We conducted a retrospective population-level cohort study of all individuals aged 10 to 105 living in Ontario, Canada. We identified ED visits due to alcohol between 2003 and 2017 using defined International Classification of Diseases, 10th edition, codes from a pre-existing indicator. We calculated annual age- and sex-standardized, and age- and sex-specific rates of ED visits and compared overall patterns and changes over time between urban and rural settings and income quintiles.
There were 829,662 ED visits due to alcohol over 15 years. Rates of ED visits due to alcohol were greater for individual living in the lowest- compared to the highest-income quintile neighbourhoods, and disparities (rate ratio lowest to highest quintile) increased with age from 1.22 (95% CI, 1.19 to 1.25) in 15- to 18-year-olds to 4.17 (95% CI, 4.07 to 4.28) in 55- to 59-year-olds. Rates of ED visits due to alcohol were significantly greater in rural settings (56.0 per 10,000 individuals, 95% CI, 55.7 to 56.4) compared to urban settings (44.8 per 10,000 individuals, 95% CI, 44.7 to 44.9), particularly for young adults. Increases in rates of visits between 2003 and 2017 were greater in rural versus urban settings (82 vs. 68% increase in age- and sex-standardized rates) and varied across sociodemographic subgroups with the largest annual increases in rates of visits in young (15 to 29) low-income women (6.9%, 95%CI, 6.7 to 7.3) and the smallest increase in older (45 to 59) high-income men (2.7, 95%CI, 2.4 to 3.0).

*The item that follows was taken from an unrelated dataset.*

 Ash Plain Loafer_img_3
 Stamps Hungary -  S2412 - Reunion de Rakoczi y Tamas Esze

Alcohol harms display unique patterns with the highest burden in rural and lower-income populations. Rural-urban and income-based disparities differ by age and sex and have increased over time, which offers an imperative and opportunity for further interventions by clinicians and policy makers.
尽管加拿大的整体酒精卫生系统负担很大且呈上升趋势,但对于这种负担如何因社会人口因素而有所不同,人们知之甚少。本研究的目的是评估因酒精而导致的急诊部(ED)就诊的社会人口模式和时间趋势,以确定新兴和高危亚组。

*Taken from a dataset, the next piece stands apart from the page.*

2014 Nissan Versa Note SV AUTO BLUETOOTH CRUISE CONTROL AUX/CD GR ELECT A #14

我们对居住在加拿大安大略省的所有 10 至 105 岁人群进行了回顾性人群队列研究。我们使用预先存在的指标中定义的国际疾病分类第 10 版代码,确定了 2003 年至 2017 年间因酒精而导致的 ED 就诊情况。我们计算了每年按年龄和性别标准化的以及按年龄和性别划分的 ED 就诊率,并比较了城乡环境和收入五分位数之间的总体模式和随时间的变化。

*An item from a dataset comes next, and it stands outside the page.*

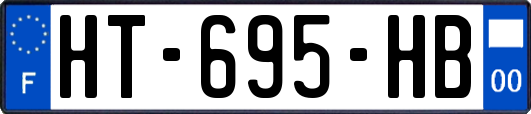 HT-695-HB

在 15 年内,共有 829662 例因酒精导致的 ED 就诊。与收入最高的五分位组相比,生活在收入最低的五分位组的个体因酒精导致的 ED 就诊率更高,且差异(最低五分位比最高五分位的比率)随着年龄的增长而增加,从 15 至 18 岁的 1.22(95%CI,1.19 至 1.25)增加到 55 至 59 岁的 4.17(95%CI,4.07 至 4.28)。与城市环境相比(每 10000 人 44.8 例,95%CI,44.7 至 44.9),因酒精导致的 ED 就诊率在农村地区(每 10000 人 56.0 例,95%CI,55.7 至 56.4)显著更高,尤其是在年轻成年人中。2003 年至 2017 年间,农村地区的就诊率增长率高于城市地区(年龄和性别标准化就诊率分别增加 82%和 68%),且在社会人口亚组中存在差异,年轻(15 至 29 岁)低收入女性的就诊率增长率最大(6.9%,95%CI,6.7 至 7.3),而老年(45 至 59 岁)高收入男性的增长率最小(2.7%,95%CI,2.4 至 3.0)。
酒精危害呈现出独特的模式,在农村和低收入人群中负担最重。城乡和收入差异因年龄和性别而异,且随时间推移而增加,这为临床医生和政策制定者提供了进一步干预的必要性和机会。